● ASSIGNMENT: Output the data below only from the line containing "قصيدة عن الصديق - شعر للصديق الوفي 1430 2" up to and including the line containing "Picture 06 - 出", exact and with the pictures left out.

● RECORDS SHOWN:
_____

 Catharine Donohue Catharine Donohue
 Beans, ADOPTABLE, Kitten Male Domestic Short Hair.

_____

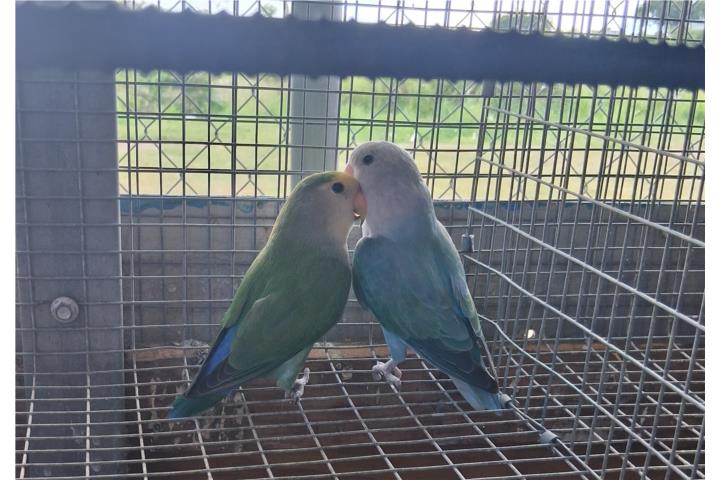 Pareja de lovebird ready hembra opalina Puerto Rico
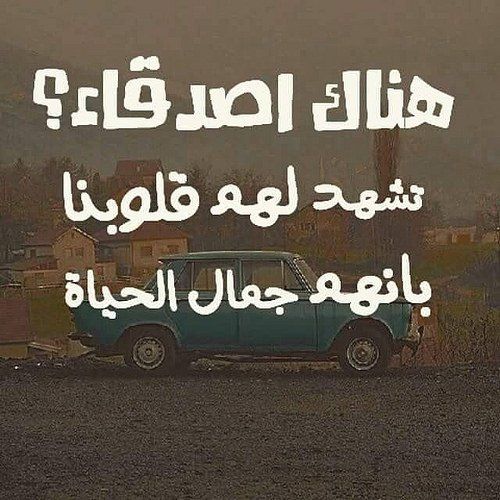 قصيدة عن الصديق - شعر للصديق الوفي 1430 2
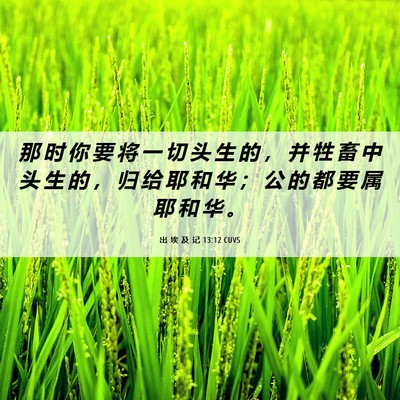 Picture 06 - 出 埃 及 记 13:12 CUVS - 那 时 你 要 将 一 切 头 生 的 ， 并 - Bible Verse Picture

_____

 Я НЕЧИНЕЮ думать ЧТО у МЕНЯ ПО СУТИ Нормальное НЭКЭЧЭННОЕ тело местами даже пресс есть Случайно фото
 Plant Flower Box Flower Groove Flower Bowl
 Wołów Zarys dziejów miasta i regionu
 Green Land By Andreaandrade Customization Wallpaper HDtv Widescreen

_____

● RESPONSE AREA:
 قصيدة عن الصديق - شعر للصديق الوفي 1430 2
 Picture 06 - 出 埃 及 记 13:12 CUVS - 那 时 你 要 将 一 切 头 生 的 ， 并 - Bible Verse Picture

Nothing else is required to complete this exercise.